I tried generating tokens if a token wasn't in a dictionary
(more-or-less the same as spell checking), and that didn't
help.  See the wiki http://entrian.com/sbwiki for more
details and the patch, in case anyone else wants to try it.

Unless anyone can show that this helps, it won't be added.

The unpronouncable suggestion is unlikely to help if
dictionary words didn't.  I don't see how it work would
outside English, anyway.

----------------------------------------------------------------------

Comment By: Julian Morrison (julianm)
Date: 2003-12-06 03:41

Message:
Logged In: YES 
user_id=21754

Yeah you're right about "unpronounceable:xmlrpc", oops, my
bad. Sorry, ignore that bit.

The hack I suggested for misspellings can be extended to
unpronounceability counts, or anything similar. If it's a
known token and a statistical ham indicator, then never
count it as "unpronounceable" or "misspelled". That approach
would quickly enough learn tech-speak or whatever, but it
would catch high incidence of garble.

----------------------------------------------------------------------

Comment By: Richie Hindle (richiehindle)
Date: 2003-12-06 03:11

Message:
Logged In: YES 
user_id=85414

What's the difference between the tokeniser spitting
out "xmlrpc" and spitting out ""unpronounceable:xmlrpc"?
That doesn't make any difference.  The difference is when
you "generate tokens for the count of misspellings" (or
unpronounceables) - then your system starts to decide
that high unpronounceable conts are spammy, and techie
messages get more spammy.  (Unless the tech-speak
outweighs the spam garbage, but even we're not *that*
techie!)


----------------------------------------------------------------------

Comment By: Julian Morrison (julianm)
Date: 2003-12-06 03:04

Message:
Logged In: YES 
user_id=21754

Hmm, would it not merely learn token
"unpronounceable:xmlrpc" as a ham indicator?
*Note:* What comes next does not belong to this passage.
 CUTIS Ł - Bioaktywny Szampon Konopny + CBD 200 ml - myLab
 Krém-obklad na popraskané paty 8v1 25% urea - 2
Also, as a spellcheck hack: words that are already
recognised tokens, and are ham indicators, should not count
as misspelled even if the spell check rejects them. This
would then quickly learn not to add "xmlrpc" into the
misspelled-words count and ratio.

----------------------------------------------------------------------

Comment By: Richie Hindle (richiehindle)
Date: 2003-12-06 02:53

Message:
Logged In: YES 
user_id=85414

We spambayes developers spend a lot of time talking
about smtp, pop3, cdo, mapi, tcpip, http, html, py2exe,
rfc822, chi2, kmail, ie, oe, xmlrpc, bsddb...

Now those things would be trained as ham clues, but
your scheme would dilute them.  I'm not saying it's a
bad idea, but just because something is unpronouncable
and not in the dictionary doesn't make it the same class
of thing as all the other tokens which are unpronouncable
and not in the dictionary.


----------------------------------------------------------------------

You can respond by visiting: 
https://sourceforge.net/tracker/?func=detail&atid=498106&aid=854705&group_id=61702

[prev in list] [next in list] [prev in thread] [next in thread] 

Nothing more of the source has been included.